Page 1 of 9

B3 dies without errors

Posted: 13 Nov 2010, 10:15
by Cheeseboy
Hello all,

I've had the following occurring twice since I got my B3:
- WiFi service disappears
- It is no longer possible to connect via SSH
- It is not possible to shut it down using the tiny button on the back plate

When this is happening the LED is blue as normal.
The only way I have been able to resolve it is by pulling the power out of the B3 and then restart it.
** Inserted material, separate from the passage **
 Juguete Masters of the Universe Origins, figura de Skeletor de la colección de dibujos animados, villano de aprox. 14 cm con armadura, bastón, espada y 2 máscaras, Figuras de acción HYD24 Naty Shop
When it comes up again, I find no errors in:
/var/log/messages
/var/log/syslog
/var/log/kern.log

This is the last activity in syslog prior to me pulling the plug:

Code: Select all

Nov 13 15:45:01 b3 /USR/SBIN/CRON[4085]: (root) CMD (test -x /usr/bin/php && /usr/bin/php /usr/share/horde3/scripts/alarms.php > /dev/null 2>&1)
Nov 13 15:45:01 b3 /USR/SBIN/CRON[4086]: (root) CMD (command -v debian-sa1 > /dev/null && debian-sa1 1 1)
Nov 13 15:45:01 b3 /USR/SBIN/CRON[4087]: (root) CMD (test -x /usr/lib/web-admin/notify-dispatcher.pl && /usr/lib/web-admin/notify-dispatcher.pl)
I think I have modified the first of the 3 cron jobs to get rid of a ton of errors in the logs...

My questions:
- Any ideas of what might be causing this?
- If the cron process which I have redirected the output of to /dev/null crashes the entire system, will the redirection of the output cause me to not see the source of the problem in the logs?
- Any suitable flags I can set to enable relevant logging in kern.log or others?

Thankful for any input!

/Cheeseboy

EDIT:
I've removed the redirection from /etc/cron.d/bubba-horde just in case...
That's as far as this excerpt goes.